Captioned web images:
──────────

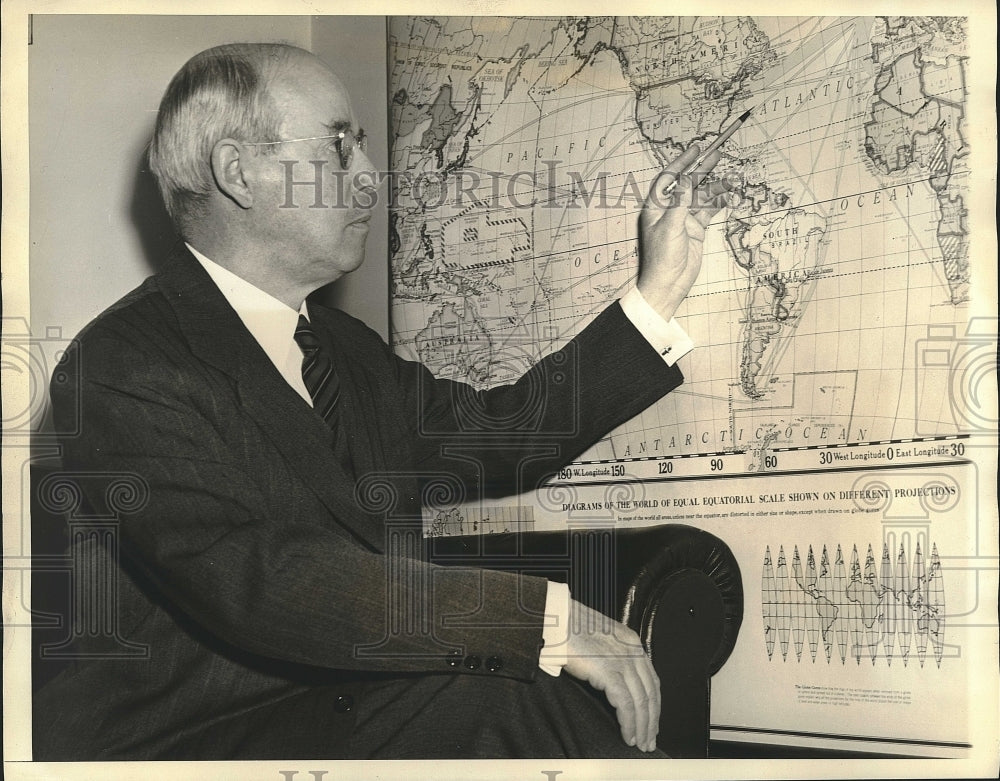 1941 Press Photo Sen. Charles Tobey studying map of war materials shipments WWII-Historic Images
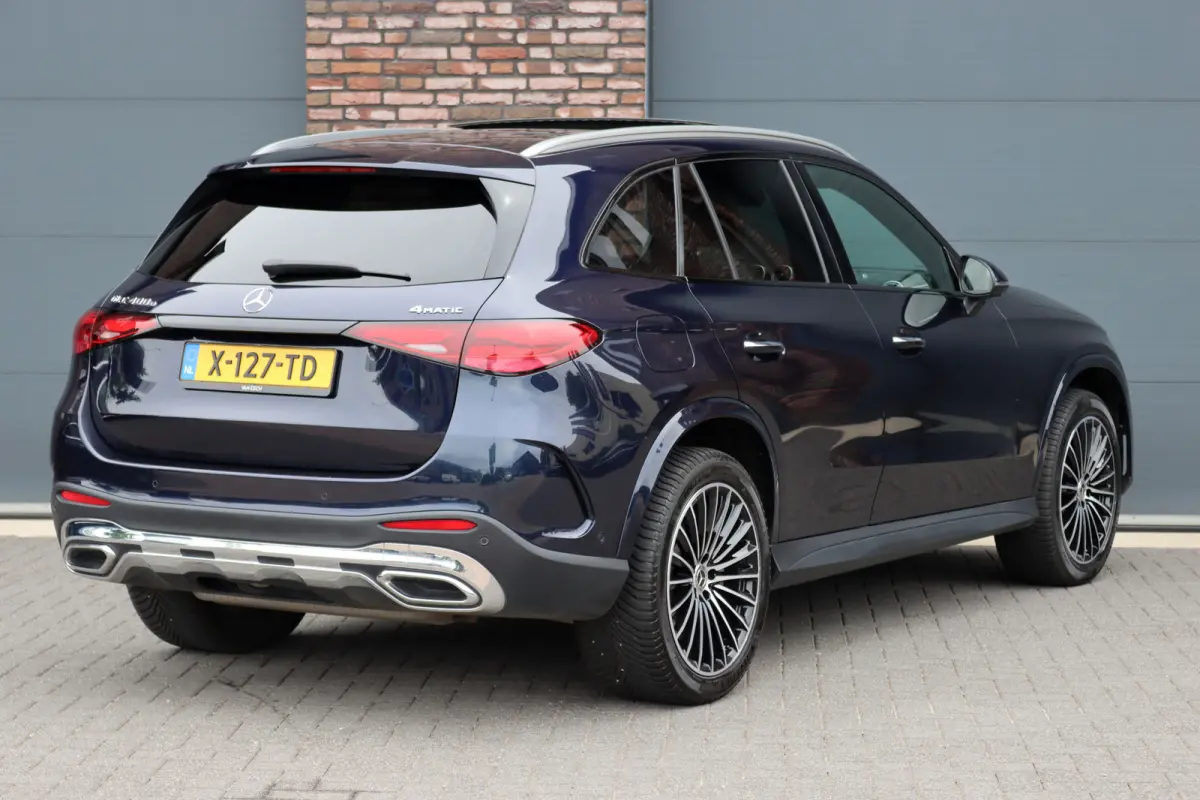 400e 4MATIC AMG Line | Panoramadak | Trekhaak | Memory | Burmester | Surround Camera | Keyless Go | Digital Light | Verwarmd Stuurwiel | HUD |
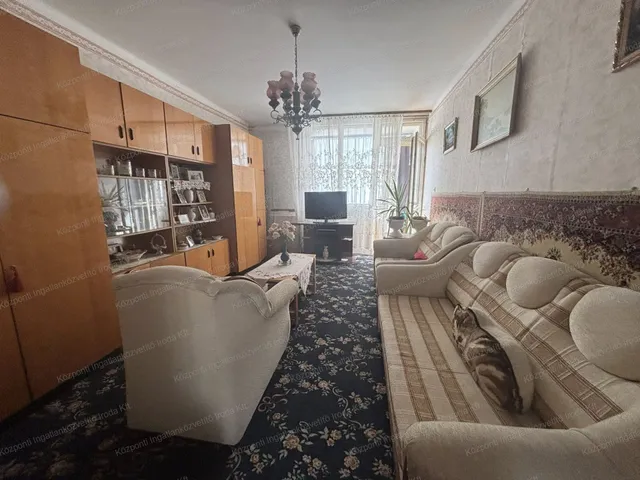 Eladó lakás Tatabánya, Újváros 53 nm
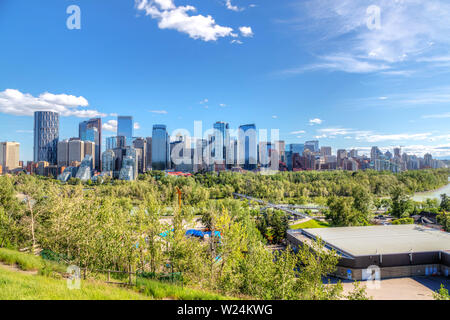 Weitwinkelaufnahme von Downtown Calgary städtischen Skyline im Sommer mit Bow River in der Umgebung des Financial District und die Wolkenkratzer. Stockfoto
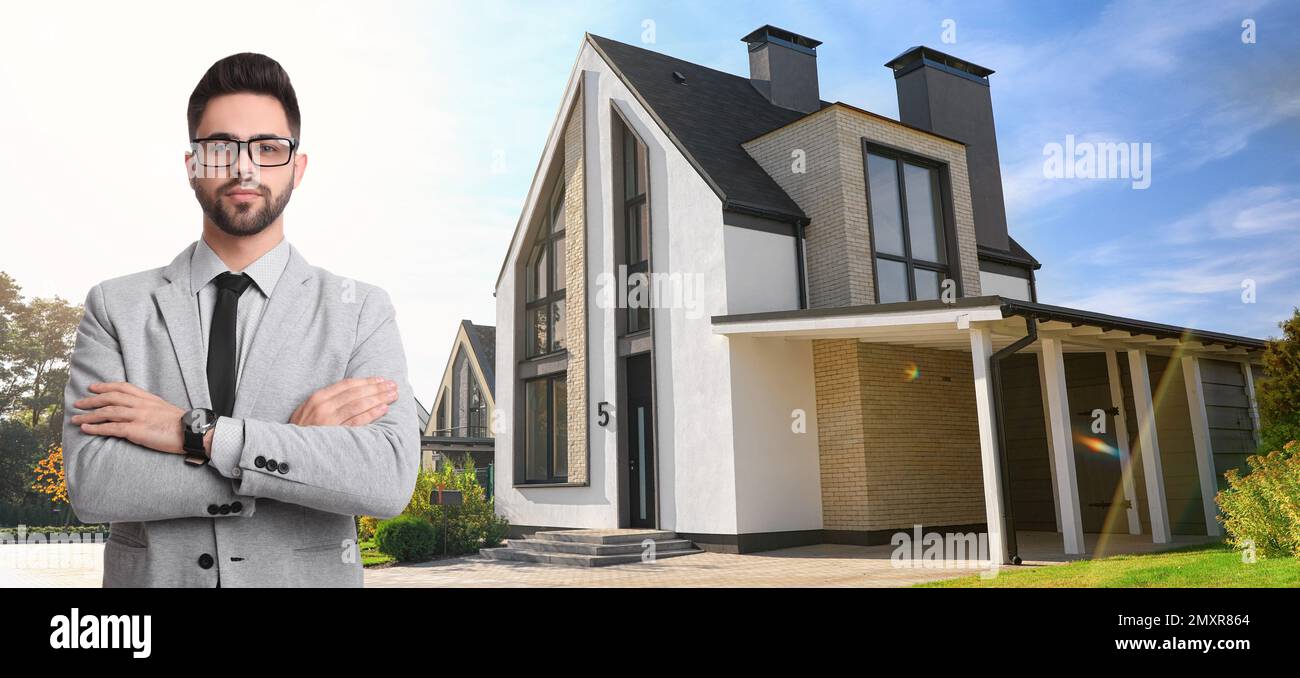 Agent immobilier contre maison moderne, espace pour le texte. Bannière Banque D'Images
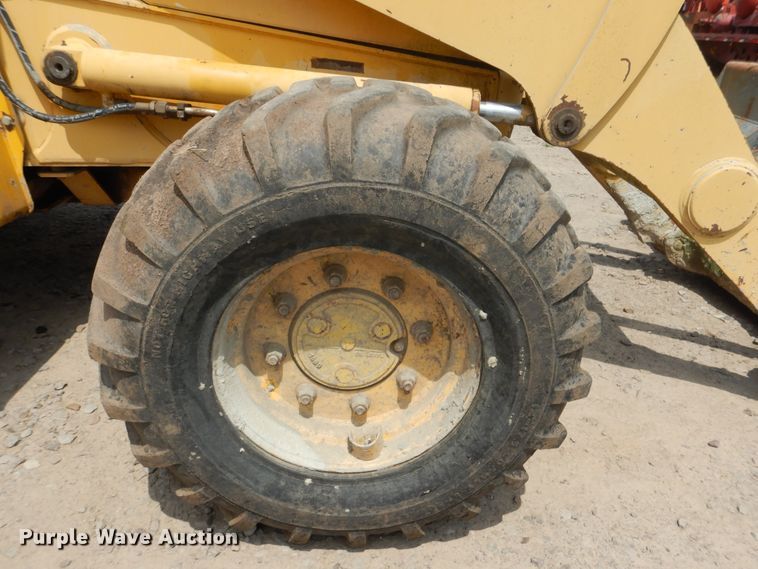 image for item DG8710 2000 Komatsu WB140  backhoe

──────────

What is needed is an exact copy of the entries above, with no images in it.

RESULT FOR THIS EXERCISE:
 1941 Press Photo Sen. Charles Tobey studying map of war materials shipments WWII-Historic Images
 400e 4MATIC AMG Line | Panoramadak | Trekhaak | Memory | Burmester | Surround Camera | Keyless Go | Digital Light | Verwarmd Stuurwiel | HUD |
 Eladó lakás Tatabánya, Újváros 53 nm
 Weitwinkelaufnahme von Downtown Calgary städtischen Skyline im Sommer mit Bow River in der Umgebung des Financial District und die Wolkenkratzer. Stockfoto
 Agent immobilier contre maison moderne, espace pour le texte. Bannière Banque D'Images
 image for item DG8710 2000 Komatsu WB140  backhoe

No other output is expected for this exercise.